In South Africa, income, education and location determine if you’re going to become a part of the digital economy, writes Alan Cameron.
Income, education and location either open or shut the door to the Internet in South Africa today, and this matters because the digital divide is just getting deeper.
In the last 12 months, 21 million South Africans (38%) accessed the internet at least once, and 8.4 million (40%) did this for less than 5 hours a week, according to the July report: Internet Access in South Africa 2017.
No pay, no play: Majority can’t afford meaningful internet access
South Africans earning R30 000 or more have an 82.4% chance of enjoying internet access, similar to their peers in developed economies. As income drops, the access rate plummets. Those earning between R14 000 and R18 000 have a 61.3% chance, those earning between R3 000 and R6 000 a 42% chance and for those earning less than R2 500, the penetration rate falls to below 30%.
“This is merely the most obvious divide, as one would expect access to be associated with income levels,” comments report author Arthur Goldstuck, MD of World Wide Worx, “However, it highlights the extent to which lower income South Africans are frozen out of the internet economy.”
'There are 29 million smartphones in the country, there are only 21 million people connected to the internet in SA. This disparity highlights the country’s major challenge – the fact nearly one in three people who owns a smartphone can still not afford to connect to the Internet or possibly have no need to go online," explains DFA’s chief strategy officer Reshaad Sha, "For low-income users, internet access requires data costs to be taken off airtime, and those costs remain among the highest in the world."

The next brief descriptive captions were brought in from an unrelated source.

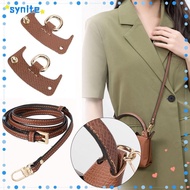 SYNITE Genuine Leather Strap Women Transformation Conversion Crossbody Bags Accessories for Longchamp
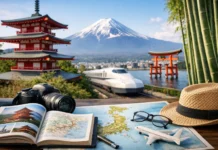 Japan itinerary de 7, 10 y 14 días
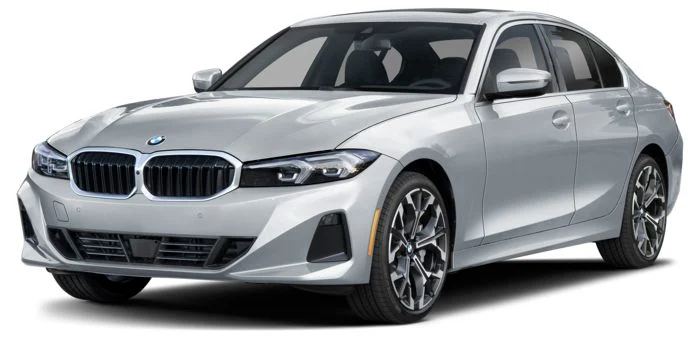 2026 BMW 3-Series Brooklyn Gray Metallic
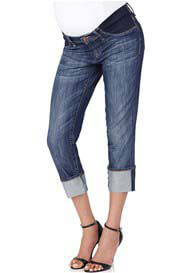 Mavi - Nikki Power Nolita Capri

To contextualise, about 60% of South Africa’s employed population earn less than R5 000 per month. The 2011 census found that 79.6% of South Africa’s population was African, and African household income averages at R1 876 per month. This economic and racial divide has direct bearing on who can access the internet.
More than just money
The Association for Affordable Internet, a global advocacy body agitating for lower data costs, found that meaningful and productive use of the internet results from a familiarity gained from using at least 1 gigabyte of data monthly. Further, this 1GB needs to be priced at 2% of the average income in order to be affordable.

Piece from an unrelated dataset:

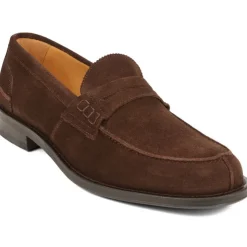 Jones Bootmaker Chorleywood2 Leather Penny Loafers -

But, the average wage is R5 000, and Telkom Mobile’s two-year offer of R99 per 1GB is still running, Research ICT Africa points out. It appears that bridging the affordability gap is more than simply a question of pricing.
Poor education synonymous with poor access
Education levels also determine internet access, the report states. Of those with a Grade 12 or post-Grade 12 qualification, 55% and 71.6% have access respectively. For those with less than a Grade 11 and Grade 7, these figures are 40% and 20% in turn.
To put this in context, less than a third of SA has passed Grade 12.
Access improves in the Western Cape
The report puts the much-higher internet penetration experienced in the Western Cape region of 75% down to intensive digital activity in nearby towns like Stellenbosch and Somerset West, as well as a first-mover advantage by starting provincial connectivity initiatives early. This is evidenced by the advanced stage of the provincial fibre roll-out and the research-informed actions of the officials involved. And the work is not over. The partners behind the province’s fibre roll out, the regional government and Liquid Telecoms, have tasked organisations such as the Cape Digital Foundation, to make sure that the 384 free Wi-Fi zones the Western Cape government has created are used, a lot.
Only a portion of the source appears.